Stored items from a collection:
═══
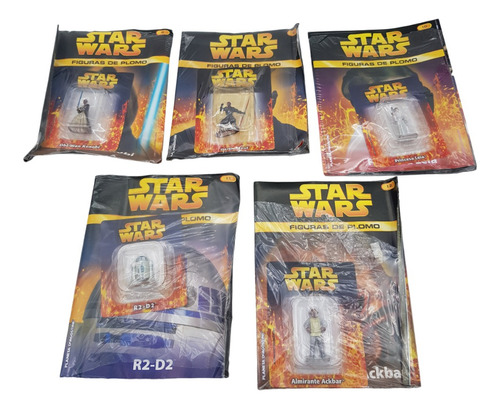 Lote #8 Star Wars 5 Figuras Plomo C/ Revista 2005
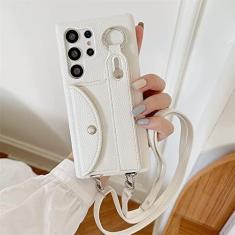 Imagem de Carteira de Couro Estojo Cordão Tiracolo Para Samsung S23 Ultra S22 Plus S21 S20 S10 S9 S8 Nota 20 10 Pro 9 Capa Alça de Pulso, Branco, Para S10E
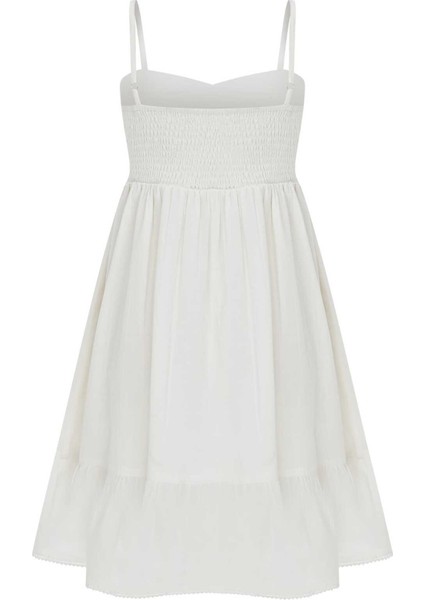 Askılı İşlemeli Mini Elbise Standart Renk Y2262113_089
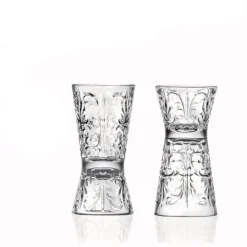 3-6 cl - RCR Tattoo Jiggers and Glass Cocktail Measurers - Set of 6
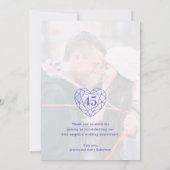 Jubiläum des Blauen Saphire 45 Jahre Fotos Dankeskarte (Rückseite)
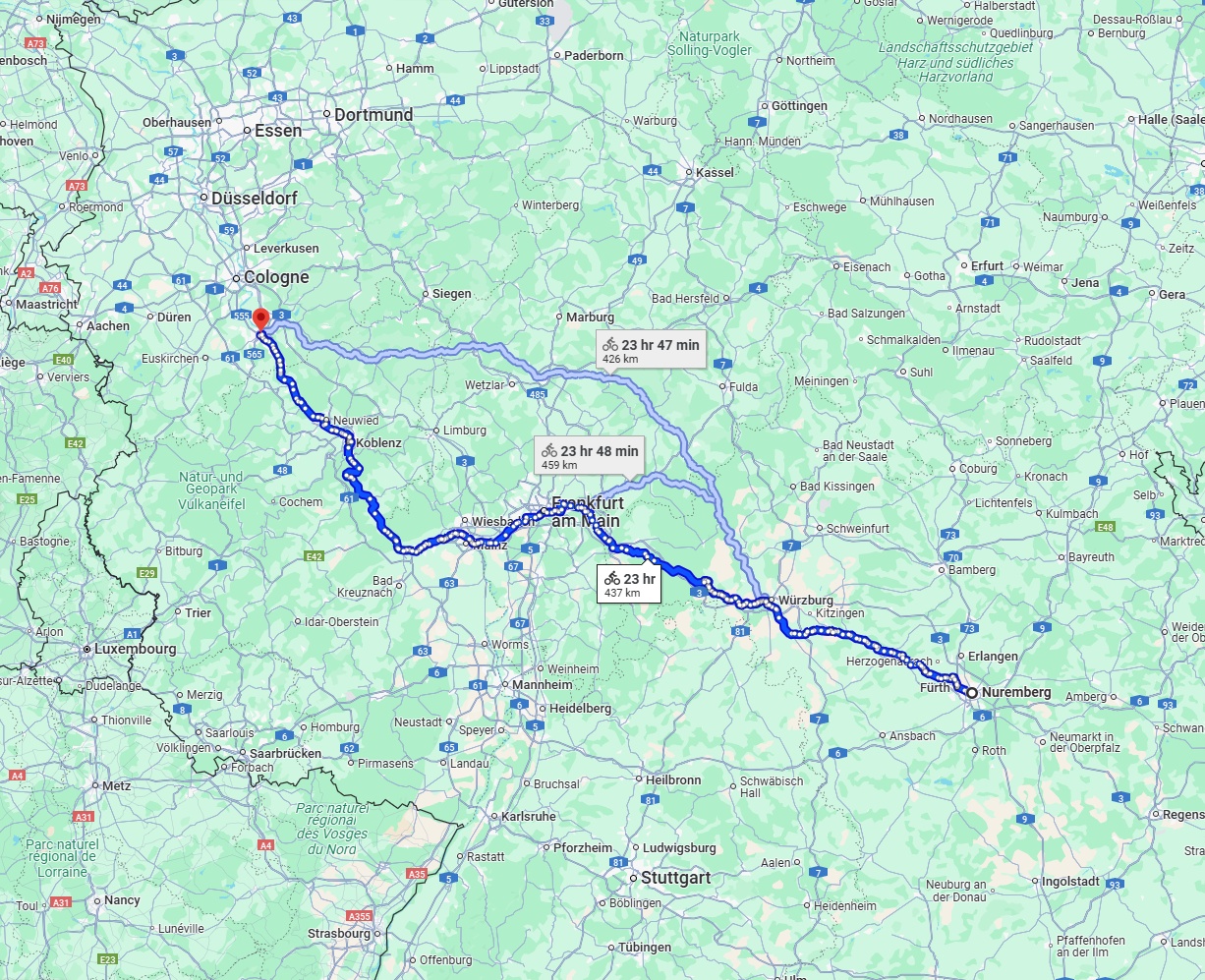 Anreise von Nürnberg Zu Bonn Über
═══
Problem requirements:
Exact text is required for the lines from the one with "3-6 cl - RCR" through the last line of the entries, both included. Omit pictures.

Response to this task:
 3-6 cl - RCR Tattoo Jiggers and Glass Cocktail Measurers - Set of 6
 Jubiläum des Blauen Saphire 45 Jahre Fotos Dankeskarte (Rückseite)
 Anreise von Nürnberg Zu Bonn Über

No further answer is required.